* Try it: Leaving out the pictures, return each line of the entries from the first through the line with "İskandinav etnik yaşamı, yemek", and only those lines.
═══ Records shown ═══
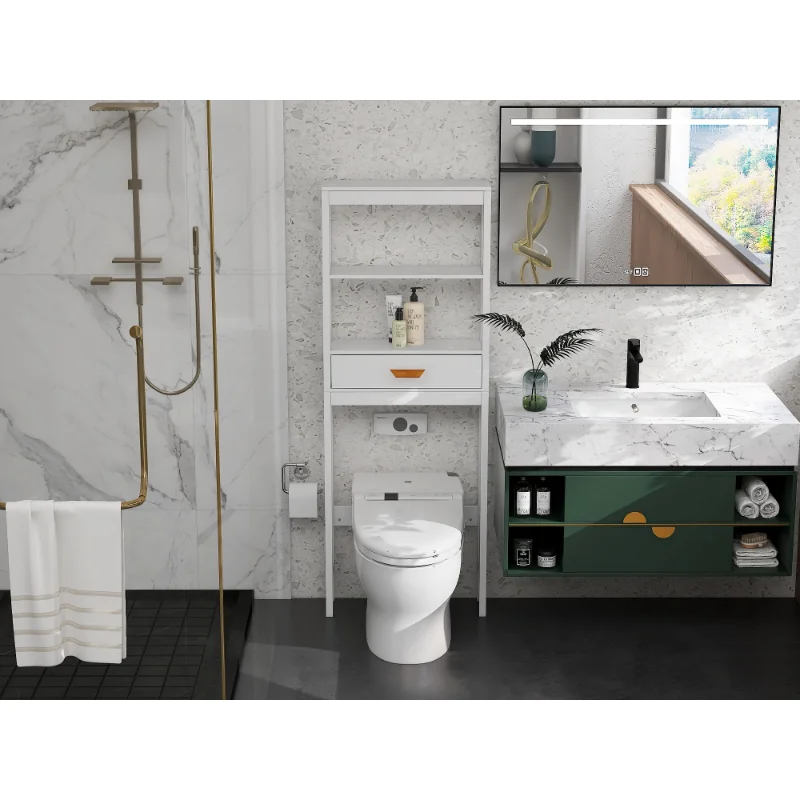 

Toilet Top Locker White with 1 Drawer and 2 Shelves Space Saving Bathroom Rack To Save Bathroom Space Fit Standard Toilet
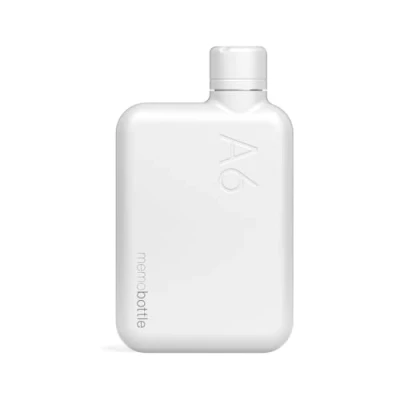 Immagine di memobottle A6 ACCIAIO INOSSIDABILE (BIANCO) 16 oz / 500 ml Bottiglia d&#039;acqua resistente, a tenuta stagna, di alta qualità Senza BPA Ideale per uno stile vita moderno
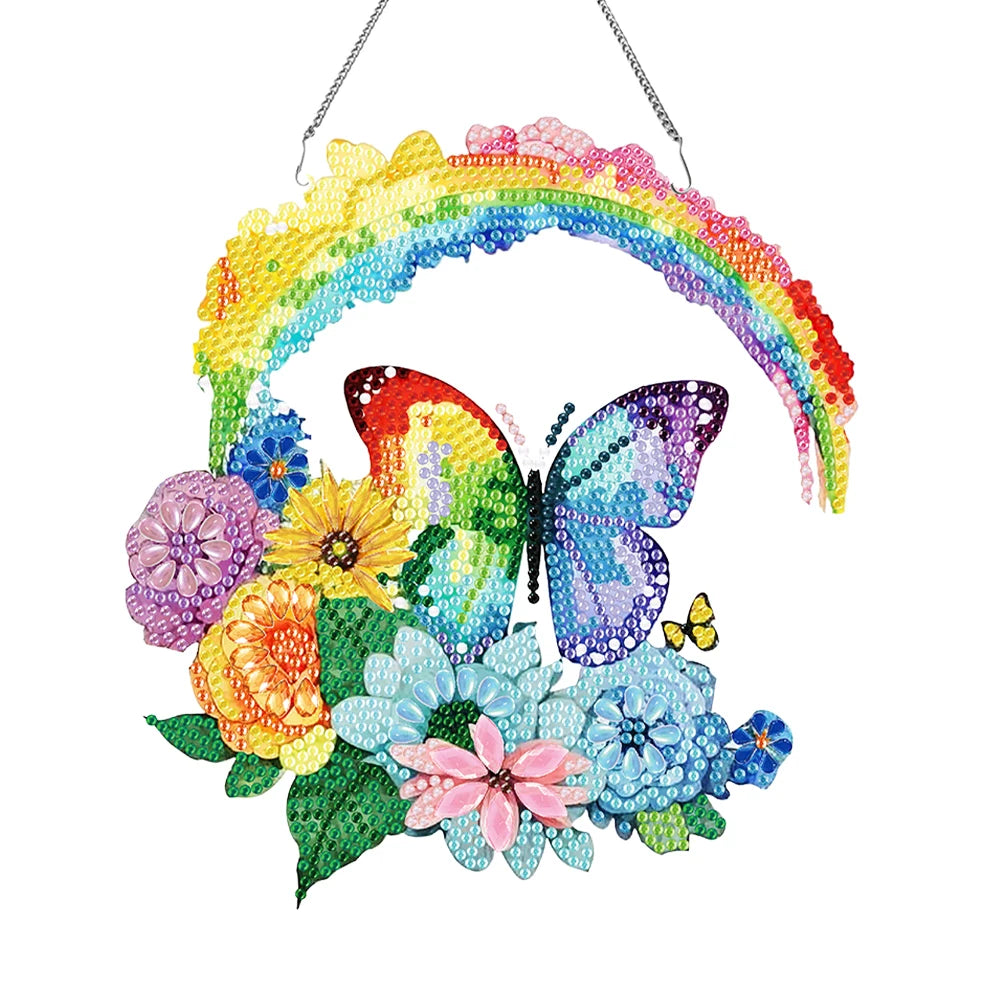 Acrylic Butterfly Single-Sided Diamond Painting Hanging Pendant Diamond Art Hanging Pendant 5D DIY Diamond Painting Dots Pendant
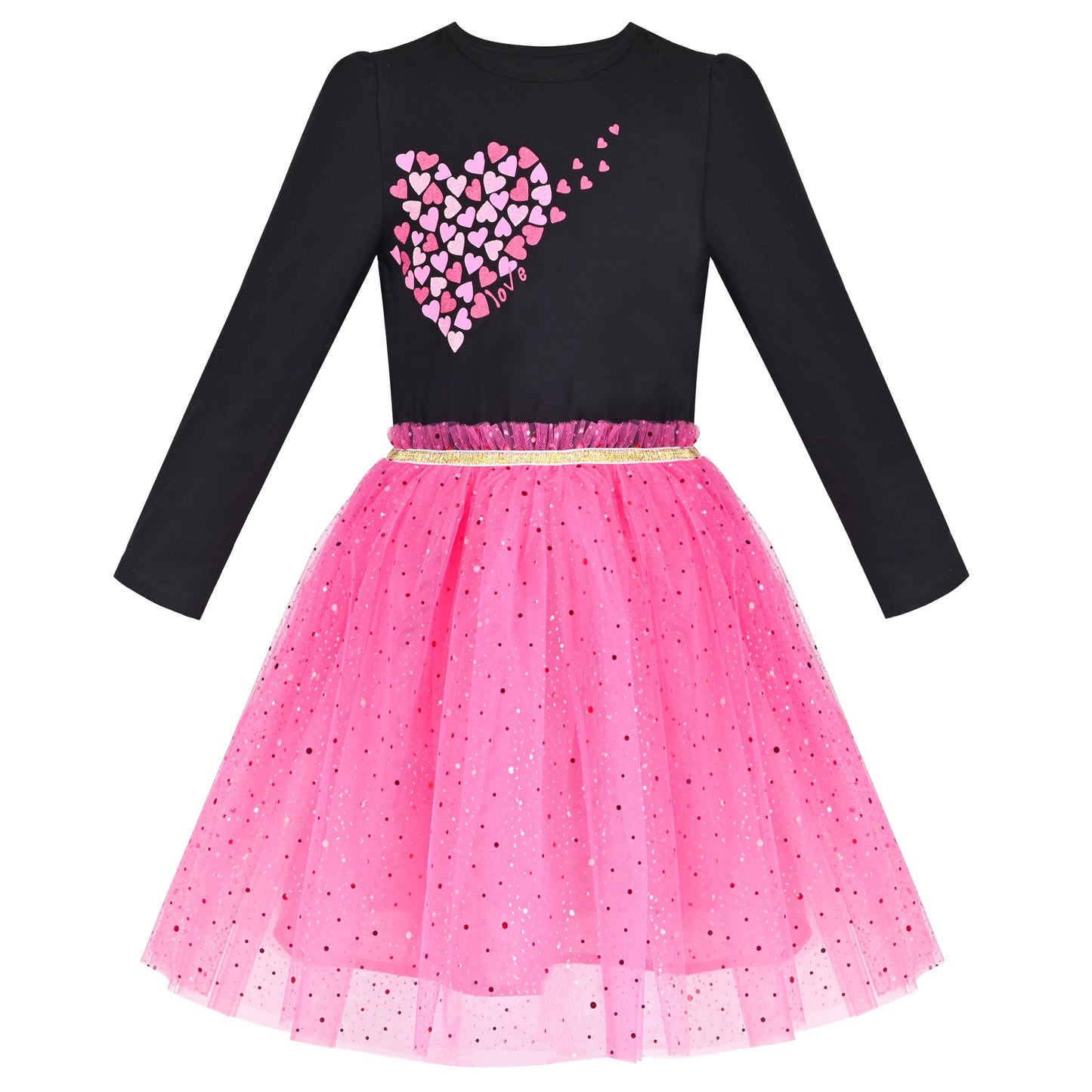 Girls Dress Rainbow Colorful Tulle Skirt Long Sleeve Holiday Party Pink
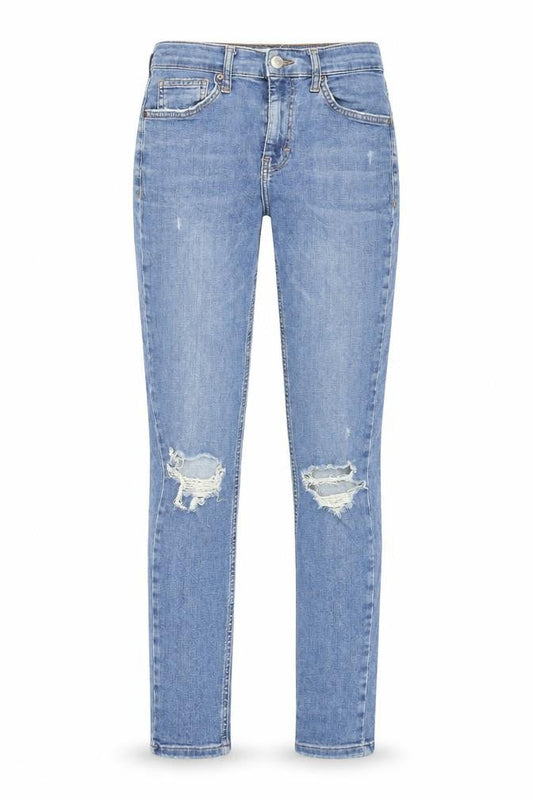 Topshop Women's Blue Skinny Jeans, Size 28, Distressed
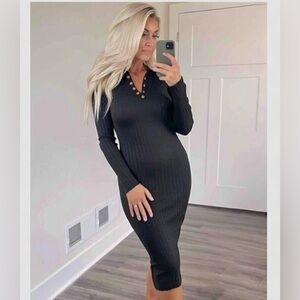NEW Merokeety V Neck Collared Ribbed Sweater Knit Midi Dress Black S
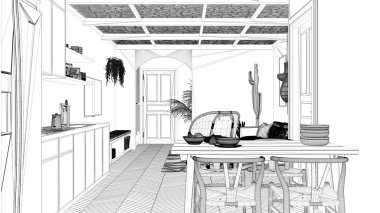 İskandinav etnik yaşamı, yemek odasını ve mutfağını gösteren proje taslağı. Koltuk ve kahve masası, sandalyeli masa, halı ve kolye lambaları. Modern iç tasarım fikri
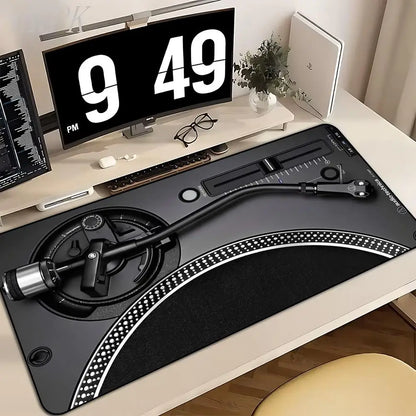 Retro Vinyl Turntable DJ Design Extended Mouse Pad Non‑Slip Rubber Base Tech Style Large Gaming Desk Table Play Mat PC Laptop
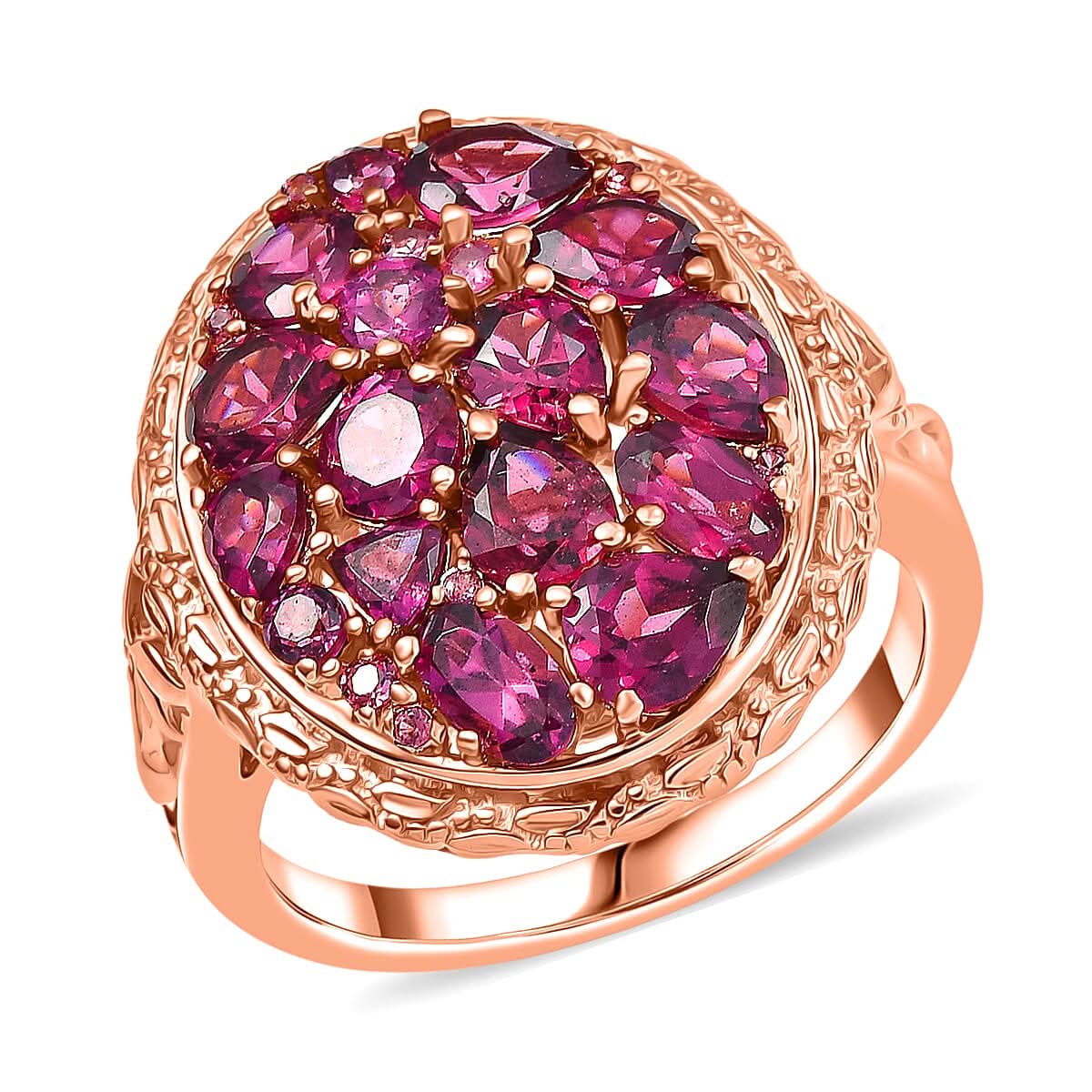 EverTrue Orissa Rhodolite Garnet Ring in 18K RG Plated (Size 10.0) 4.80 ctw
═══
* Output of the exercise:
Toilet Top Locker White with 1 Drawer and 2 Shelves Space Saving Bathroom Rack To Save Bathroom Space Fit Standard Toilet
 Immagine di memobottle A6 ACCIAIO INOSSIDABILE (BIANCO) 16 oz / 500 ml Bottiglia d&#039;acqua resistente, a tenuta stagna, di alta qualità Senza BPA Ideale per uno stile vita moderno
 Acrylic Butterfly Single-Sided Diamond Painting Hanging Pendant Diamond Art Hanging Pendant 5D DIY Diamond Painting Dots Pendant
 Girls Dress Rainbow Colorful Tulle Skirt Long Sleeve Holiday Party Pink
 Topshop Women's Blue Skinny Jeans, Size 28, Distressed
NEW Merokeety V Neck Collared Ribbed Sweater Knit Midi Dress Black S
 İskandinav etnik yaşamı, yemek odasını ve mutfağını gösteren proje taslağı. Koltuk ve kahve masası, sandalyeli masa, halı ve kolye lambaları. Modern iç tasarım fikri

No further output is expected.